Source material: Begin

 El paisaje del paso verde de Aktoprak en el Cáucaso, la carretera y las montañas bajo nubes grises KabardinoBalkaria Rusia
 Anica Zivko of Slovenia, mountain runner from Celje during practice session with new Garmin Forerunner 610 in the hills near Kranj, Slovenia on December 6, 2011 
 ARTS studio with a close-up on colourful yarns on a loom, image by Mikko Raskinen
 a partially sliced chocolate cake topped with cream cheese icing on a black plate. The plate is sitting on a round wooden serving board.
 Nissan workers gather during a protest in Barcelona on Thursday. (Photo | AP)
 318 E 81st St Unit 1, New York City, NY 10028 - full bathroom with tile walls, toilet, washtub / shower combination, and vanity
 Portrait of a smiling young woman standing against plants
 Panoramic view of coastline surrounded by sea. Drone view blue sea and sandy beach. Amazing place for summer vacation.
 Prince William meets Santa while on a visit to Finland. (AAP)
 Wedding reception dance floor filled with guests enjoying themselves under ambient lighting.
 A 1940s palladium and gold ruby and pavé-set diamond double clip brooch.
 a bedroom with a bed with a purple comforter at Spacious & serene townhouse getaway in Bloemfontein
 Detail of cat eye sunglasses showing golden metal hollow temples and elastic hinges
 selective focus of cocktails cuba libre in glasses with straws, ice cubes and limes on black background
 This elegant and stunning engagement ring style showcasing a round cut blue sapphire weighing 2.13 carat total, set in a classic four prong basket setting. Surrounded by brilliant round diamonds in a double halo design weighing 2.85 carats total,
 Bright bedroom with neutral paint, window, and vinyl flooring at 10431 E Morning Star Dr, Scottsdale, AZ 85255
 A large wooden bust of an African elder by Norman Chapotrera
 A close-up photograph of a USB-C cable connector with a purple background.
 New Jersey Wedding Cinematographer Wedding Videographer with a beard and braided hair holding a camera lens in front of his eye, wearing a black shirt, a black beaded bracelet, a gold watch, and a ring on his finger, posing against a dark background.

Source material: End

Exercise directions =>
Write the opening line of the data above and every line after it, exactly, stopping once you have written the line with "A close-up photograph".

Final answer =>
 El paisaje del paso verde de Aktoprak en el Cáucaso, la carretera y las montañas bajo nubes grises KabardinoBalkaria Rusia
 Anica Zivko of Slovenia, mountain runner from Celje during practice session with new Garmin Forerunner 610 in the hills near Kranj, Slovenia on December 6, 2011 
 ARTS studio with a close-up on colourful yarns on a loom, image by Mikko Raskinen
 a partially sliced chocolate cake topped with cream cheese icing on a black plate. The plate is sitting on a round wooden serving board.
 Nissan workers gather during a protest in Barcelona on Thursday. (Photo | AP)
 318 E 81st St Unit 1, New York City, NY 10028 - full bathroom with tile walls, toilet, washtub / shower combination, and vanity
 Portrait of a smiling young woman standing against plants
 Panoramic view of coastline surrounded by sea. Drone view blue sea and sandy beach. Amazing place for summer vacation.
 Prince William meets Santa while on a visit to Finland. (AAP)
 Wedding reception dance floor filled with guests enjoying themselves under ambient lighting.
 A 1940s palladium and gold ruby and pavé-set diamond double clip brooch.
 a bedroom with a bed with a purple comforter at Spacious & serene townhouse getaway in Bloemfontein
 Detail of cat eye sunglasses showing golden metal hollow temples and elastic hinges
 selective focus of cocktails cuba libre in glasses with straws, ice cubes and limes on black background
 This elegant and stunning engagement ring style showcasing a round cut blue sapphire weighing 2.13 carat total, set in a classic four prong basket setting. Surrounded by brilliant round diamonds in a double halo design weighing 2.85 carats total,
 Bright bedroom with neutral paint, window, and vinyl flooring at 10431 E Morning Star Dr, Scottsdale, AZ 85255
 A large wooden bust of an African elder by Norman Chapotrera
 A close-up photograph of a USB-C cable connector with a purple background.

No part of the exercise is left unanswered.